Rubens, Orazio Gentileschi, and Van Dyck - all of them painted in Genoa before going on to work in London, and all of them are represented by a painting in the National Gallery exhibition. The Rubens, depicting a Genoese nobleman named Giovan Carlo Dora on horseback, is an absolute stunner - the first great baroque equestrian portrait packed with bounding energy and dramatic, thundery light. It is worth visiting the exhibition just to see this picture, in which you catch the young Rubens - he was around 30 when it was painted in 1606-7 - just coming into top form. (Genoa by the way is, with Antwerp, the best place to see Rubens's paintings in their original setting, since there are also two splendid altarpieces in the Jesuit church.)
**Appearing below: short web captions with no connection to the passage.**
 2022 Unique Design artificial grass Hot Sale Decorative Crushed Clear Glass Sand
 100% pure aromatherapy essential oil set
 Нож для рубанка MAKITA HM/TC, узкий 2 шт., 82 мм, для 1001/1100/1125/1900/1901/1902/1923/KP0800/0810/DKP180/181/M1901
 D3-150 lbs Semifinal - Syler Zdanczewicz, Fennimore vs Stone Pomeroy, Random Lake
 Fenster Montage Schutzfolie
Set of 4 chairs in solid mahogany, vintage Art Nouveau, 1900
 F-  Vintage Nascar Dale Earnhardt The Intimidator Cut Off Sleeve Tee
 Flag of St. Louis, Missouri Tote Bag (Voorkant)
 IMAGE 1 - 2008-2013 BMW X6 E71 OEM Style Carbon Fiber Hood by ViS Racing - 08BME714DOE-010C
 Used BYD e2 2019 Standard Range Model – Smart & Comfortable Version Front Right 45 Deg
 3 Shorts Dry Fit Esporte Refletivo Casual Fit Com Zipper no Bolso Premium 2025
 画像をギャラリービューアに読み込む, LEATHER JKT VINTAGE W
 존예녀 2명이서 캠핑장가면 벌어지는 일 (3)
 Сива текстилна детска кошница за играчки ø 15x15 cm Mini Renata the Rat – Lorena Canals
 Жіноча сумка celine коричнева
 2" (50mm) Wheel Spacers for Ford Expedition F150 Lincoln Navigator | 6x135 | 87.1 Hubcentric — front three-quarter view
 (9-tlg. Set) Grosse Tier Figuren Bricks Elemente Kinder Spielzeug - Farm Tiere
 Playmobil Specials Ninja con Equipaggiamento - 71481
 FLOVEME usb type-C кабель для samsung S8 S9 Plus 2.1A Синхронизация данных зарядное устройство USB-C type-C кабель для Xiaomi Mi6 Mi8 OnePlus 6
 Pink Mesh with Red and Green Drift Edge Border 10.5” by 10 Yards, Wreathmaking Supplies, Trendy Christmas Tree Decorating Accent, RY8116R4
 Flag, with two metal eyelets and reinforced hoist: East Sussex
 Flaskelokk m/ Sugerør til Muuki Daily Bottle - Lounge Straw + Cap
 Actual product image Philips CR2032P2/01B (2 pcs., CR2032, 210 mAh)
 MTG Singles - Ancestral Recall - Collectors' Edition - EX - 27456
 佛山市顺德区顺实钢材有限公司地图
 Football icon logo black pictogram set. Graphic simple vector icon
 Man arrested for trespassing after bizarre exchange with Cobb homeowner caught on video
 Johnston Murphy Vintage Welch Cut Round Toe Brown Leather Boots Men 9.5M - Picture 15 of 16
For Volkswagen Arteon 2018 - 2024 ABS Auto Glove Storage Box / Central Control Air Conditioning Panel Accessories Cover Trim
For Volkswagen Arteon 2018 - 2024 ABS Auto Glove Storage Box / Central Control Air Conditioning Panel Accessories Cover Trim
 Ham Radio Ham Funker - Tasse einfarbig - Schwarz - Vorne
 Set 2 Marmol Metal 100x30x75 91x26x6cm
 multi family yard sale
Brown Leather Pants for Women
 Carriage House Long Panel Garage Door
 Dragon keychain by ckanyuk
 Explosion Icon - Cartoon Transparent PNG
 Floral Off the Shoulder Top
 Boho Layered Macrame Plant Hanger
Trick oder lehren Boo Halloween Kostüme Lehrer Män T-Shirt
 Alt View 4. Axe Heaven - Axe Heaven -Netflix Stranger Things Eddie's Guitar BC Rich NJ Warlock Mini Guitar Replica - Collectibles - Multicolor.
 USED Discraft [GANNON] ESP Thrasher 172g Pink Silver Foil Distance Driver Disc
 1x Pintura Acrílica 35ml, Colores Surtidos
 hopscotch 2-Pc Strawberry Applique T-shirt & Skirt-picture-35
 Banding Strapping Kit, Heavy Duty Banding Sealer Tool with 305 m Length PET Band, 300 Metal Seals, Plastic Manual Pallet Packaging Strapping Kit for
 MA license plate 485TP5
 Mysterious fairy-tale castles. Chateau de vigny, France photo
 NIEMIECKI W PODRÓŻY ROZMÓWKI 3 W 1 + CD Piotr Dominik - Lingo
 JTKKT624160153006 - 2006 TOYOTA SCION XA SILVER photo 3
It's not surprising that Rubens - though he was only briefly in Genoa - had a tremendous impact on native Genoese painters. Bernardo Strozzi's `The Cook' another highlight of this little show - is a paradoxical performance. This is a genre painting - something normally thought of as a speciality of Northern European artists, executed on a heroic, Italian scale, and with Rubenesque vigour.
It is also a virtuoso exercise in the comparison and contrast of various grey, whitish and silvery tones - the feathers of the swan that the cook is plucking, the spectacular silver ewer in the foreground, the translucent grey-brown shadows behind. All in all this is rather a Flemish performance for an Italian artist - but then the Genoese had a pronounced taste for Flemish art (as indeed did the Venetians).
Some of Jan Van Eyck's customers came from Genoa, and by the 17th century there was a little colony of Flemish artists living in the city. Van Dyck made it his principal base for his six-year stay in Italy, during which time he stayed with the De Wael brothers, Flemish painters who were already Genoese residents. The National Gallery show contains one of Van Dyck's numerous Genoese portraits 'Geromina Sale Brignole with her Daughter'. But -although it is good enough to make the point that Van Dyck initially developed his supremely elegant portrait manner in Liguria rather than England - it isn't one of the finest specimens of his Genoese period. Most of the very best of those sumptuous, shadowy and slightly sinister images of the Genoese aristocracy are in American museums - and this selection comes from Genoa itself.
The Orazio Gentileschi, on the other hand - `The Annunciation' - is one of that painter's greatest works. It has the combination that often marks his work of intensity of colour, light and gesture with slight weirdness. The angel would be hugely taller than the Virgin, if he or she - it is hard to specify the gender of angels stood up. By the way, the angel's wings might well be the same studio property borrowed by Caravaggio 20 years previously, and mentioned in a celebrated libel case brought by another painter against both of them in Rome in 1603. You wouldn't expect even a baroque Italian painter to get through more than one pair of wings in a career. He was probably still using them when, some years later, he finished up in London.
Orazio Gentileschi's daughter Artemisia has got far more attention in recent years, thanks to feminist art history, and to the fact that she figures in an even more celebrated courtroom drama, her accusation of rape against yet another painter. But good artist though she was, her father - as this picture shows - was finer still.